Thursday, September 2, 2010

David recommends . . . THE SECRET IN THEIR EYES, and PIRANHA 3D, and THE GIRL WHO PLAYED WITH FIRE


Film of the week won the Oscar for Best Foreign Language Film - Argentine crime procedural THE SECRET IN THEIR EYES. It's Inspector Morse meets Love in the Time of Cholera.  It's 1999 and Esposito, a Federal justice agent, is writing up as a novel a rape-murder case he investigated back in 1974. So lots of flashbacks and forwards. 

There's alcoholic comedy and shades of Bad Boys from sidekick Sandoval. And a romantic sub plot that runs alongside the mystery and then suddenly it's, um, not a subplot any more. Finally, as it's the 70s we are not far away from military rule. So there's a political subplot guaranteeing lots of genuinely surprising twists and turns.

Argentine cinema is where it's happening at the moment, and this is a great example. Reminscent of the best of Golden Era Hollywood, an intelligent mystery story interweaved with comedy, romance and social comment. And all beautifully filmed. Do not miss it.



Runner up features a terrifying and repulsive species that hunts in large numbers and destroys all in its' path. That's right, American teenagers. Luckily thousands of them get dismembered, killed, or just chewed up a bit in PIRANHA 3D.

It's Spring Break on Lake Somethingorother, USA, and vast swathes of semi-naked youth are partaying all night and day. Cute MILF sheriff Elizabeth Shue from Leaving Las Vegas just can't keep them under control. So when the revived pre-historic killer fish come round hungrily looking for lunch it's kind of a shame they just laugh when she screams "Get outta the water!!!" 

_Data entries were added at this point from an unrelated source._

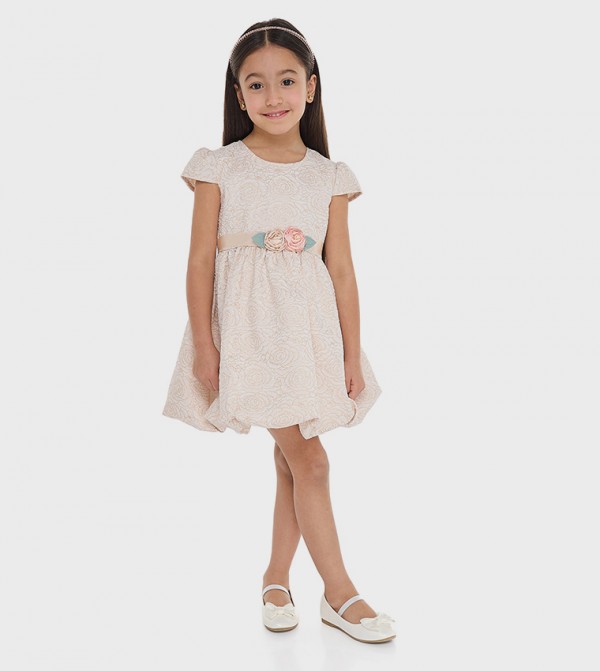 Jacquard Appliqued Balloon Dress
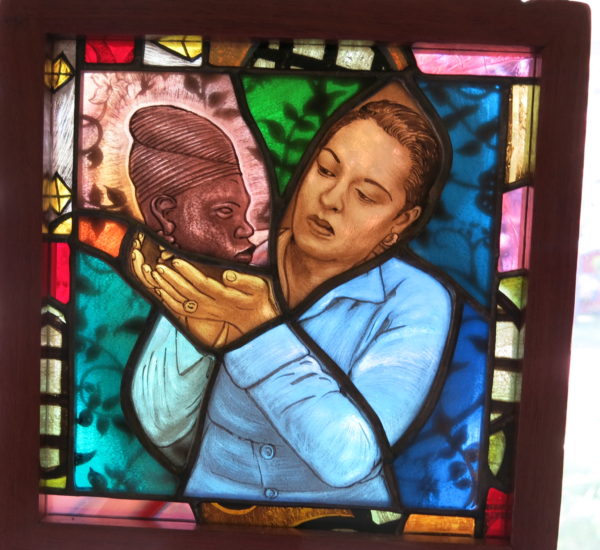 Stained glass image of singer Billie Holiday by Rob Cooper, Jackson, Mississippi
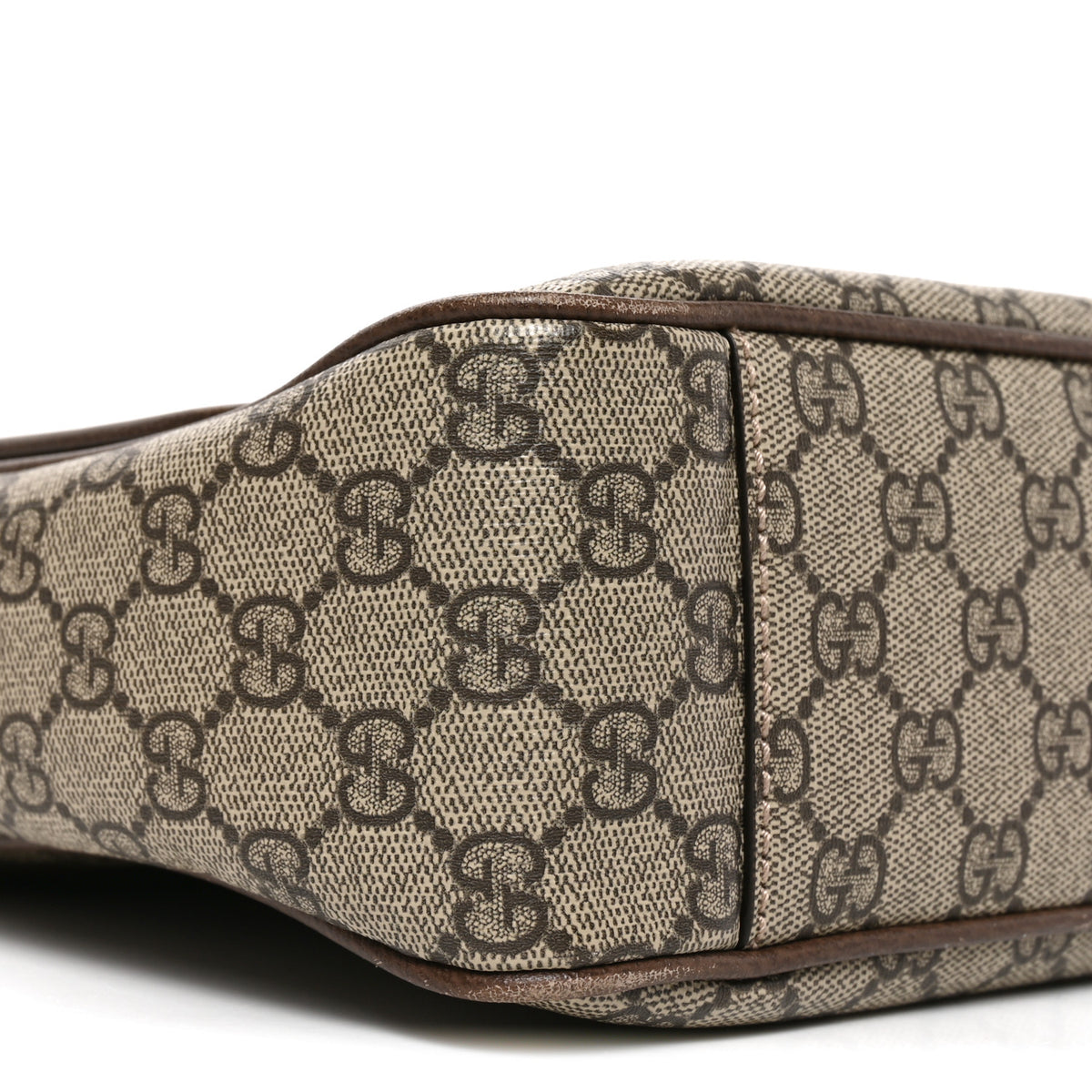 Tender GG Supreme Monogram Textured Dollar Calfskin Ophidia Messenger Bag Beige Ebony Dark Brown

Not a shame for the audience though. As PIRANHA 3D is a fine example of its' genre - gore fest meets teens in peril. They don't often make exploitation movies as good as this any more. So if you like lots of death, blood and mangled bodies don't miss it. The body mangling special effects are great. While many of the obnoxious teens are, of course killed, quite a few are only half eaten. Can't wait to see the Making Of to find out how they did the scenes with kids with only head and torso left and still talking. Cool!

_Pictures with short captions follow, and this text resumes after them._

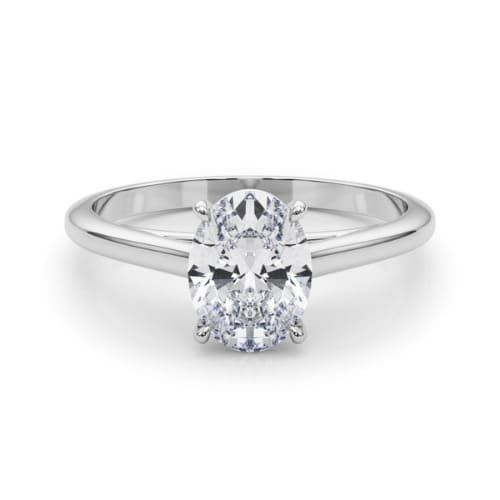 0.1 Ct Lab-Created Diamond Oval Cut Nacelle  Classic Solitaire Engagement Rings in Silver 925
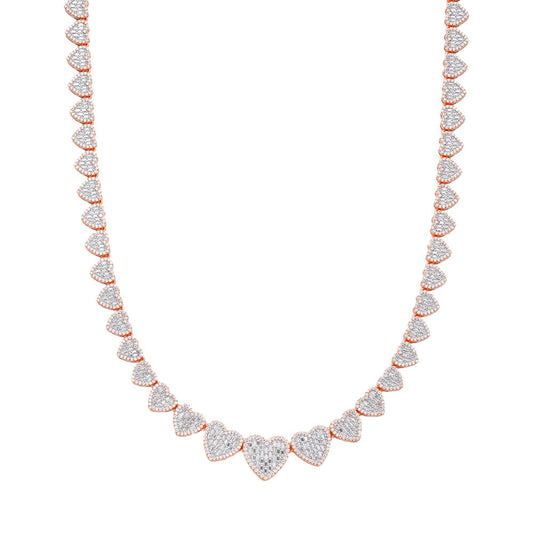 Sterling Silver Round Baguette Moissanite Heart 18 Inch Necklace RP+PP 15-3/4 Cttw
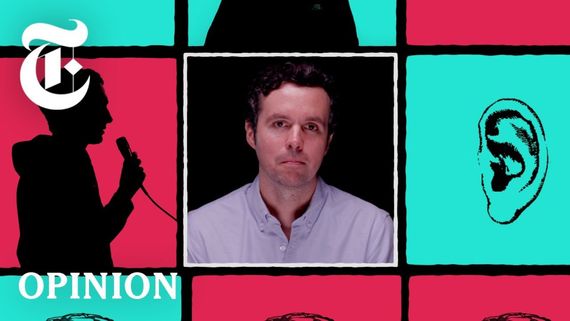 a photo of a man with coloured tiles and icons surrounding him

Rarely has so much screen time been filled with attractive young women gyrating in bikinis. Far more than the plot strictly demands. Ditto when England's sweetheart and underwear model Kelly Brook gets her kit off with a fellow porn actress for some tasteful crypto-lesbian underwater swimming shots. The camera does not so much linger as loiter with intent. But don't worry, it's all feminist really as there is an excellent, um, climax involving a porn director's penis.

PIRANHA 3D is really, really, really funny. I was wincing the whole way through.

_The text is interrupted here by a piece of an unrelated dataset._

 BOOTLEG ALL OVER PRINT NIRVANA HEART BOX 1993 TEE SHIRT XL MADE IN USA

Bronze goes to THE GIRL WHO PLAYED WITH FIRE, second in the Stieg Larsson trilogy. Bottom line is it's not a patch on the first one ( . . . With the Dragon Tattoo), but still a decent mystery thriller.  If you've read the book you'll inevitably say it's a disappointment. And if you've not seen the first one, you really have to go and see the first one, first. It's even darker than it's excellent predecessor, with greater focus on Lisbeth Salander's tortured psychology and more details of the grim childhood which was the cause. 

Noomi Rapace's extraordinary performance as the eponymous heroine is worth the admission price alone. An astonishing display of brooding paranoia and hate. An injured, scared and angry animal coiled to strike. Imagine the kick-ass action capability of Angelina Jolie combined with the sheer emotional suffering of an on-form and ultra-miserable Juliette Binoche. All the more amazing given that Rapace hardly has any words to say. A masterclass (mistressclass?) in movie acting - all dark eyes and terse facial expressions in close up.  Being and feeling, rather than acting.

When she's not around it's a bit clunky to tell the truth. Lisbeth and Blomqvist are hardly on screen together, so their combined chemistry of the first film is just not there. And the film has an annoying habit common to movie adaptations of crime novels. We keep being given information - tons of it - via various pairs of people meeting up and one telling the other loads of stuff. So at times the movie seems to comprise scenes like that interspersed with people traveling to meet someone for another scene like that. "Show it, don't tell it" is one of the basic rules of good scriptwriting, and this film at times shows why.

But THE GIRL WHO PLAYED WITH FIRE is still a good thriller and one of the best films on release at the moment.